## What to work on
All of the data should be given again word for word, though the images are to be left out.

## Data segment
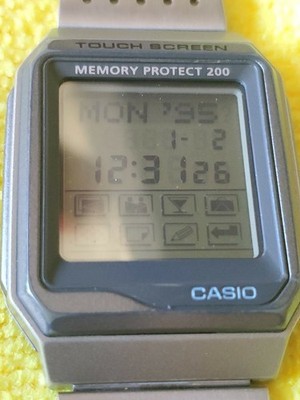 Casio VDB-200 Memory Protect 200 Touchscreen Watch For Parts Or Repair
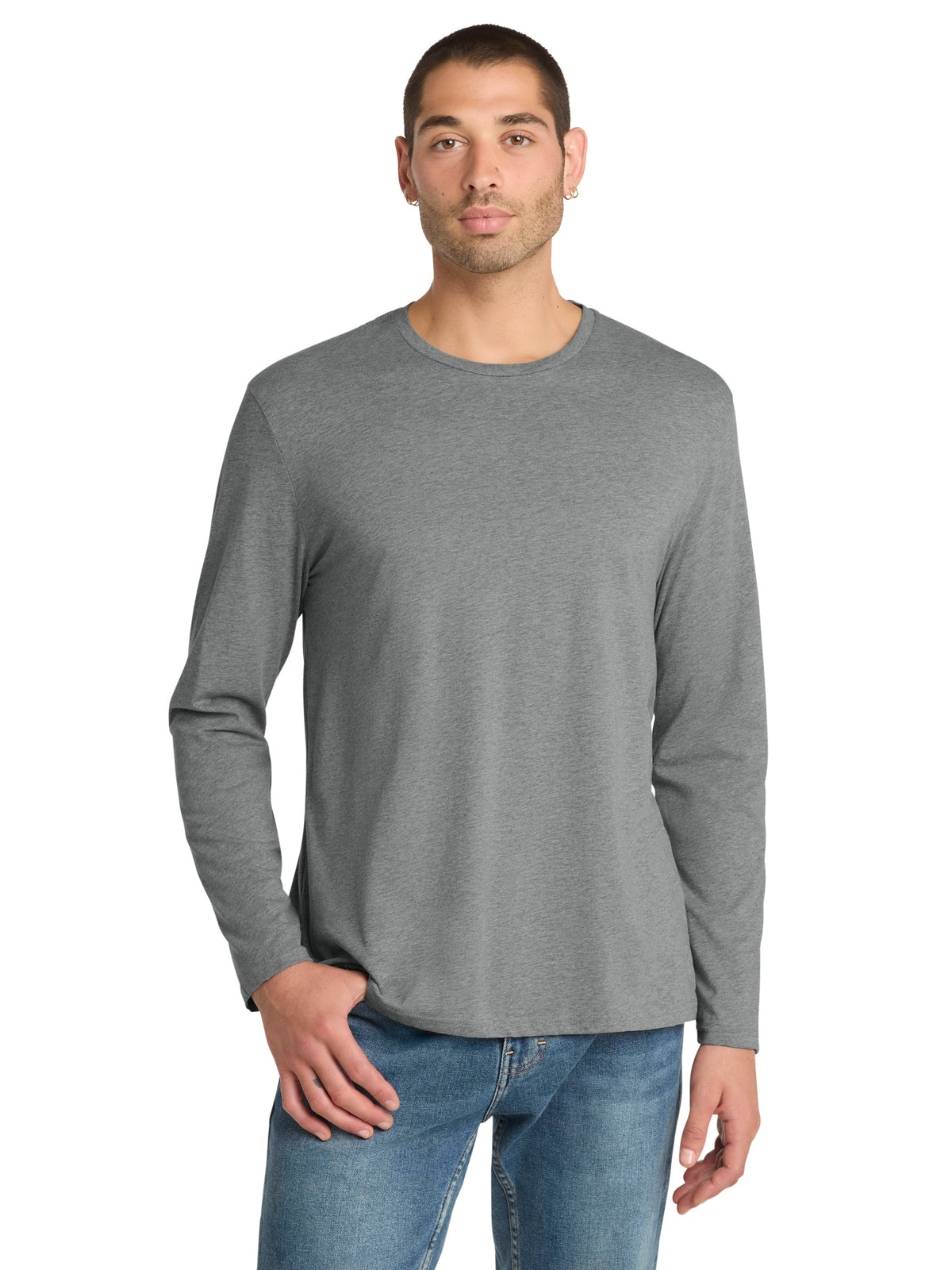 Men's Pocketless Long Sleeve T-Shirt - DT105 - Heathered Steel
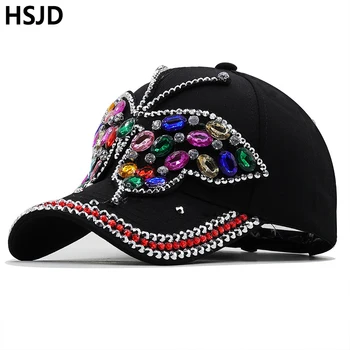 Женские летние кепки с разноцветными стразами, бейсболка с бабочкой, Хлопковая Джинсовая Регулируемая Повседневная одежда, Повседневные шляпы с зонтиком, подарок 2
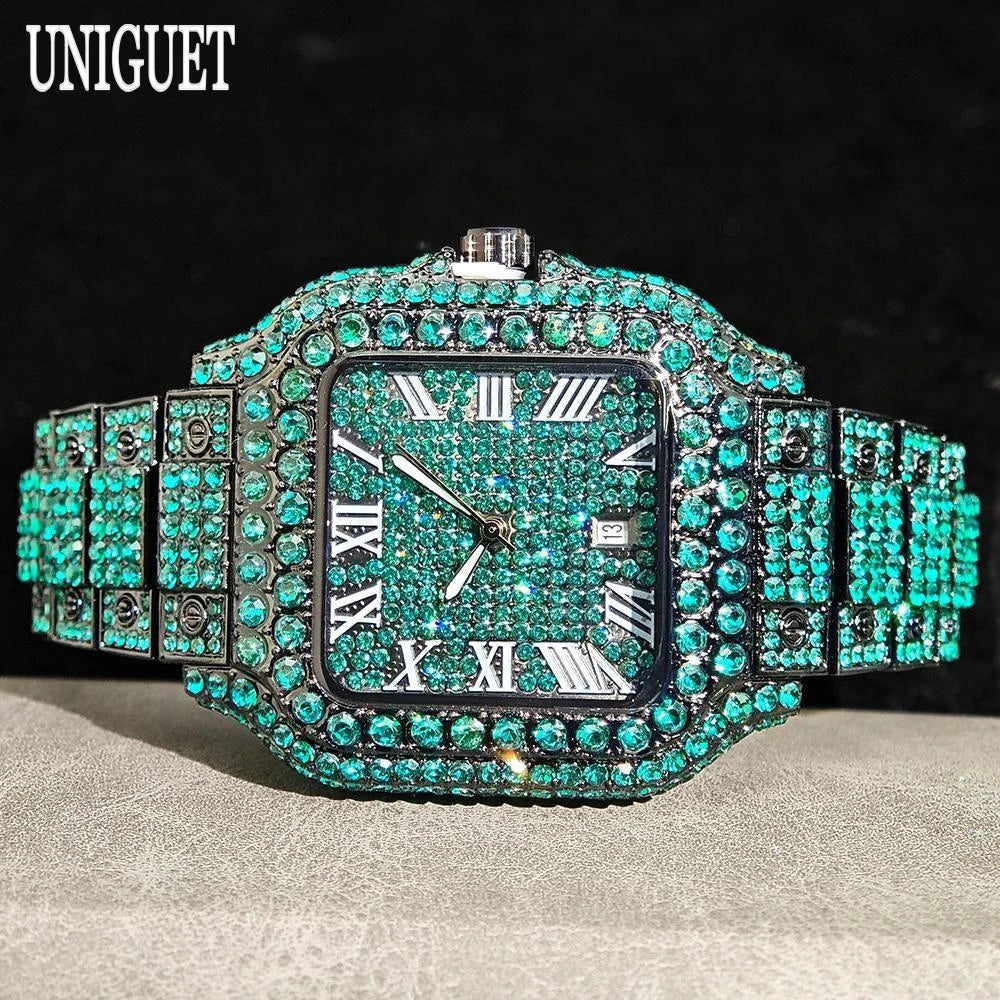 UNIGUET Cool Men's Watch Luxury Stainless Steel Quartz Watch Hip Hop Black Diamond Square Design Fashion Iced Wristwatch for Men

## Task result
 Casio VDB-200 Memory Protect 200 Touchscreen Watch For Parts Or Repair
 Men's Pocketless Long Sleeve T-Shirt - DT105 - Heathered Steel
 Женские летние кепки с разноцветными стразами, бейсболка с бабочкой, Хлопковая Джинсовая Регулируемая Повседневная одежда, Повседневные шляпы с зонтиком, подарок 2
 UNIGUET Cool Men's Watch Luxury Stainless Steel Quartz Watch Hip Hop Black Diamond Square Design Fashion Iced Wristwatch for Men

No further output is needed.